What you need to do: Since the listing below shows pictures, leave them out and write out exactly the lines from the line with "Daenerys Targaryen By" to the line with "Einfamilienhaus zum Kauf", both included, and no others.

Given records:
= Beginning of Section =
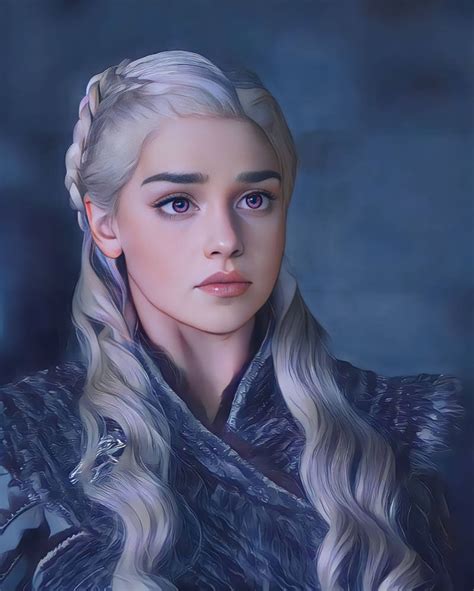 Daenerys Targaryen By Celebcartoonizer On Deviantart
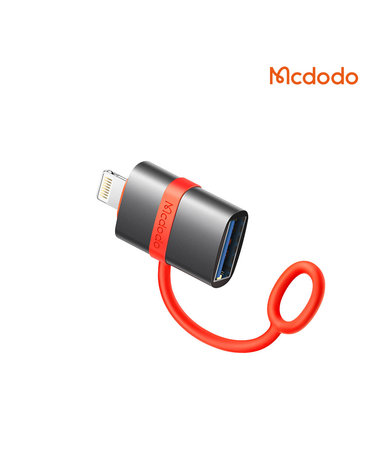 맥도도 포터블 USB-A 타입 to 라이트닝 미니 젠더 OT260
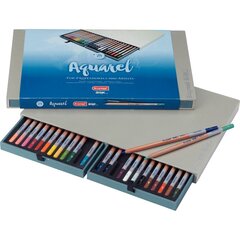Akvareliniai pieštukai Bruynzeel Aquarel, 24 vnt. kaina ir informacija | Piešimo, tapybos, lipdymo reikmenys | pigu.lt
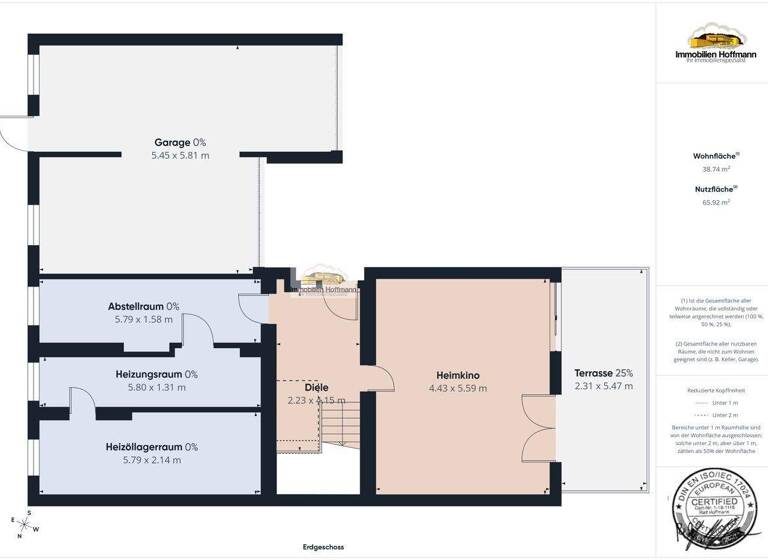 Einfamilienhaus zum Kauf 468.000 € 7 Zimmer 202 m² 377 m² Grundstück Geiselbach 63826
= End of Section =
= Beginning of Section =
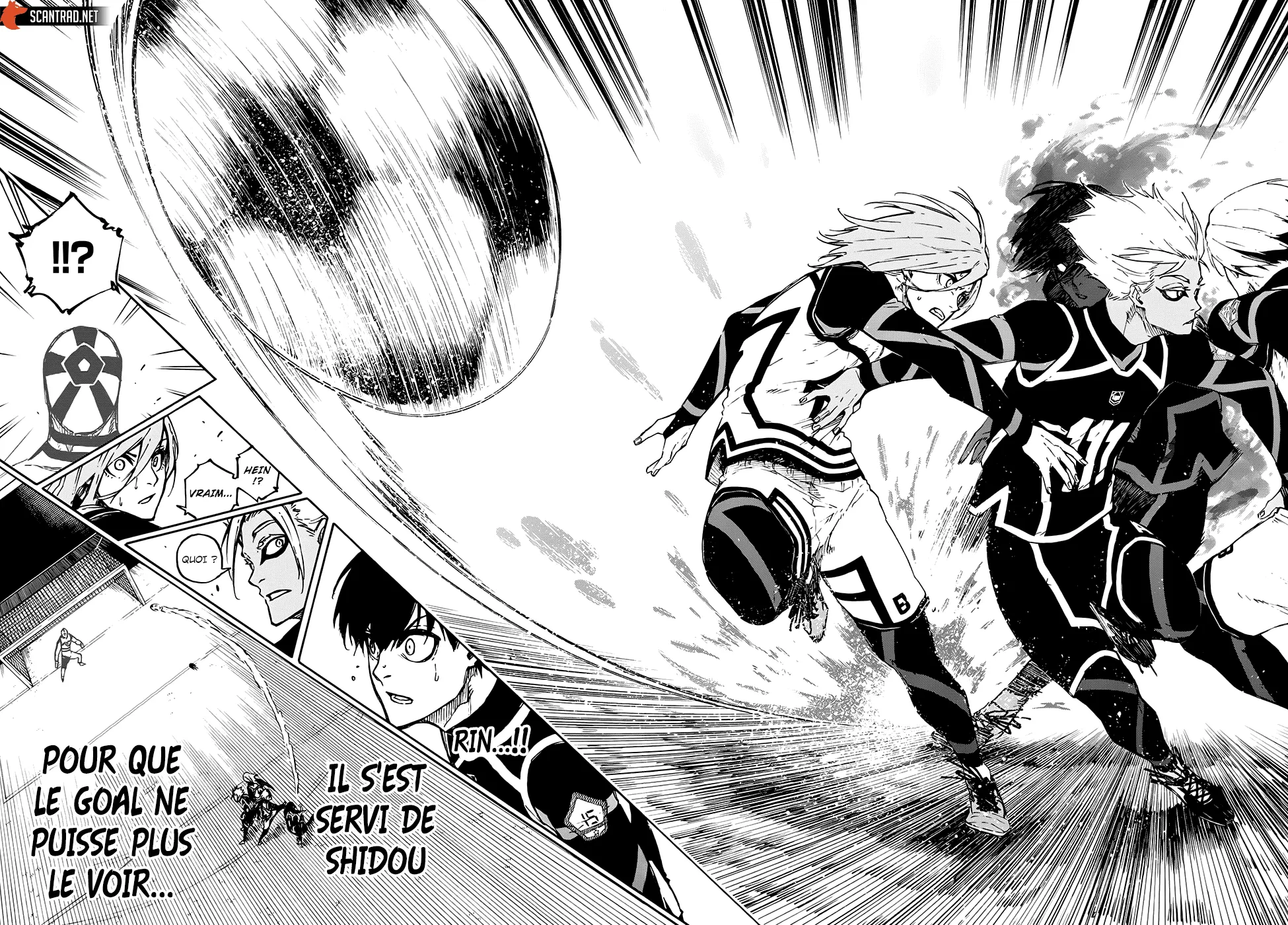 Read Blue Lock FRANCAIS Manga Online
= End of Section =
= Beginning of Section =
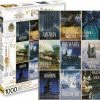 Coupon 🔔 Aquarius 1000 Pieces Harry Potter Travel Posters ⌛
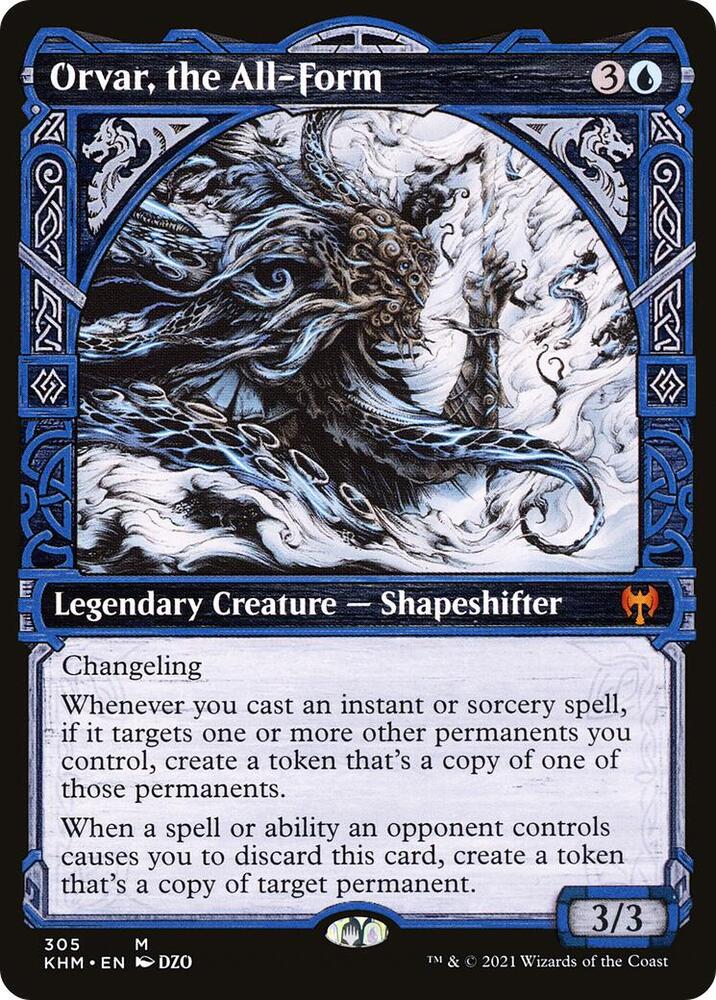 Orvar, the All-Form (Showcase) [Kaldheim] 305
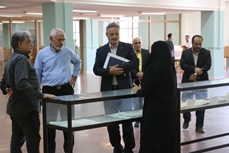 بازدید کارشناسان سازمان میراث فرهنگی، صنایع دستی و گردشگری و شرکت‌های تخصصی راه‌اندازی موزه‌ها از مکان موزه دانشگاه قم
= End of Section =
Answer section:
 Daenerys Targaryen By Celebcartoonizer On Deviantart
 맥도도 포터블 USB-A 타입 to 라이트닝 미니 젠더 OT260
Akvareliniai pieštukai Bruynzeel Aquarel, 24 vnt. kaina ir informacija | Piešimo, tapybos, lipdymo reikmenys | pigu.lt
 Einfamilienhaus zum Kauf 468.000 € 7 Zimmer 202 m² 377 m² Grundstück Geiselbach 63826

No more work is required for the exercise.